Re: [PATCH v2] kernel: release ptraced tasks before zap_pid_ns_processes

From: Jiri Slaby
Date: Tue Feb 26 2019 - 04:19:09 EST


On 10. 01. 19, 18:52, Andrei Vagin wrote:
> Currently, exit_ptrace() adds all ptraced tasks in a dead list, than
> zap_pid_ns_processes() waits all tasks in a current pidns, and only
> then tasks from the dead list are released.
>
> zap_pid_ns_processes() can stuck on waiting tasks from the dead list. In
> this case, we will have one unkillable process with one or more dead
> children.
>
> Thanks to Oleg for the advice to release tasks in find_child_reaper().
>
> Fixes: 7c8bd2322c7f ("exit: ptrace: shift "reap dead" code from exit_ptrace() to forget_original_parent()")
>
> Cc: "Eric W. Biederman" <ebiederm@xxxxxxxxxxxx>
> Cc: Andrew Morton <akpm@xxxxxxxxxxxxxxxxxxxx>
> Signed-off-by: Oleg Nesterov <oleg@xxxxxxxxxx>
> Signed-off-by: Andrei Vagin <avagin@xxxxxxxxx>
> ---
>
> v2: Oleg showed that ptraced tasks can be released in
> find_child_reaper(). This allows to avoid additional
> write_lock/unlock(tasklist), and another list_for_each_entry_safe(dead)
> loop is called only if it is actually needed.
>
> kernel/exit.c | 12 ++++++++++--
> 1 file changed, 10 insertions(+), 2 deletions(-)
>
> diff --git a/kernel/exit.c b/kernel/exit.c
> index 2d14979577ee..5df787a497f5 100644
> --- a/kernel/exit.c
> +++ b/kernel/exit.c
> @@ -558,12 +558,14 @@ static struct task_struct *find_alive_thread(struct task_struct *p)
> return NULL;
> }
>
> -static struct task_struct *find_child_reaper(struct task_struct *father)
> +static struct task_struct *find_child_reaper(struct task_struct *father,
> + struct list_head *dead)
> __releases(&tasklist_lock)
> __acquires(&tasklist_lock)
> {
> struct pid_namespace *pid_ns = task_active_pid_ns(father);
> struct task_struct *reaper = pid_ns->child_reaper;
> + struct task_struct *p, *n;
>
> if (likely(reaper != father))
> return reaper;
> @@ -579,6 +581,12 @@ static struct task_struct *find_child_reaper(struct task_struct *father)
> panic("Attempted to kill init! exitcode=0x%08x\n",
> father->signal->group_exit_code ?: father->exit_code);
> }
> +
> + list_for_each_entry_safe(p, n, dead, ptrace_entry) {
> + list_del_init(&p->ptrace_entry);
> + release_task(p);
> + }
> +

Hi,

from our (SUSE) QA we received a report that this patch causes a
performance decline in libmicro pthread_* benchmark as reported in:
https://bugzilla.suse.com/show_bug.cgi?id=1126762

I tried myself from the repo:
https://github.com/redhat-performance/libMicro

I ran
pthread_create -B 8 -C 200 -S

and with the patch applied:
# STATISTICS usecs/call (raw) usecs/call (outliers removed)
# mean 23.38611 17.29311

Without:
# mean 41.36539 39.21347

The values vary, but they are around 23 and 42, respectively.

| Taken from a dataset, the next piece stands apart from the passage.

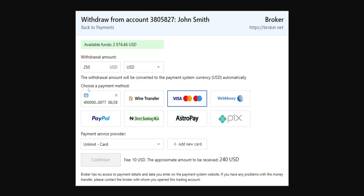Afterwards, we will need to choose a payment method — so how do we want to get paid? Your card, if you have connected any cards, will be in the first slot. We can choose wire transfer, or if we have a Visa card we can choose that option. You can also see other payment options such as WebMoney, PayPal, Direct Banking, Astropay, and Pix.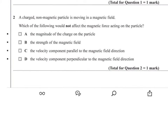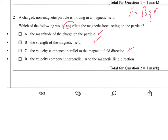Question 2. A charged non-magnetic particle is moving in a magnetic field. Which of the following would not affect the magnetic force acting on the particle? Remember that F on a moving charge is BQv. So the magnitude of the charge is Q, and the strength of the magnetic field is B. The velocity component parallel to the field won't do anything — it has to be crossing the field perpendicularly. So the answer is the velocity component parallel to the field.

The benchmark seems to create 8 (-B above) pthreads, does lock/unlock in
them and then the threads exit. The benchmark reaps the threads via
pthread_join. This all happens 200 times (-C above).

Any idea how to restore the performance close to the previous state?

> zap_pid_ns_processes(pid_ns);
> write_lock_irq(&tasklist_lock);
>
> @@ -668,7 +676,7 @@ static void forget_original_parent(struct task_struct *father,
> exit_ptrace(father, dead);
>
> /* Can drop and reacquire tasklist_lock */
> - reaper = find_child_reaper(father);
> + reaper = find_child_reaper(father, dead);
> if (list_empty(&father->children))
> return;

thanks,
--
js
suse labs